--- Record extracts ---

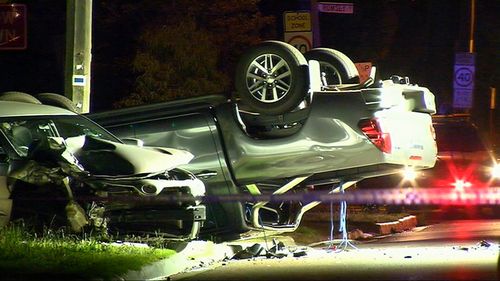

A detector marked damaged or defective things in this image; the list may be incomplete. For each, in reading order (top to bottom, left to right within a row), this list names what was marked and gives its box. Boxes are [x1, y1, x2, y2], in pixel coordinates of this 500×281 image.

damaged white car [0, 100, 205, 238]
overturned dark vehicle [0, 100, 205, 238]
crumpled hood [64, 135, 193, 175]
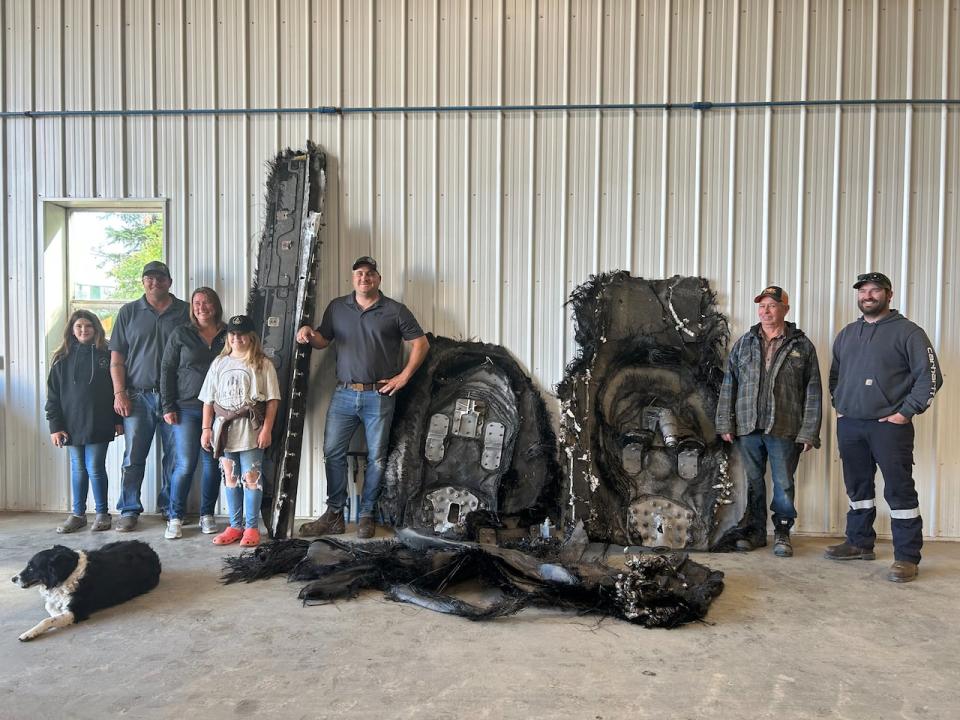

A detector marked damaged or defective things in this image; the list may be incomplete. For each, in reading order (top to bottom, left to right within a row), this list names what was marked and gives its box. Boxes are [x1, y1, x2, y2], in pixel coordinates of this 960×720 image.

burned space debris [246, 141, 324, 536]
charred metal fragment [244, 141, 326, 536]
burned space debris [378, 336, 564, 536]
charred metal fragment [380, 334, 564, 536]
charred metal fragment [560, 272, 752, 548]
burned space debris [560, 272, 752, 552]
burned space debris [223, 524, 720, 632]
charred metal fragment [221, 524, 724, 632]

---

> Task to carry out
Only the lines from the one with "this 960×720 image." through the last line above should be restated, word for word.

> Response for this exercise
A detector marked damaged or defective things in this image; the list may be incomplete. For each, in reading order (top to bottom, left to right within a row), this list names what was marked and gives its box. Boxes are [x1, y1, x2, y2], in pixel coordinates of this 960×720 image.

burned space debris [246, 141, 324, 536]
charred metal fragment [244, 141, 326, 536]
burned space debris [378, 336, 564, 536]
charred metal fragment [380, 334, 564, 536]
charred metal fragment [560, 272, 752, 548]
burned space debris [560, 272, 752, 552]
burned space debris [223, 524, 720, 632]
charred metal fragment [221, 524, 724, 632]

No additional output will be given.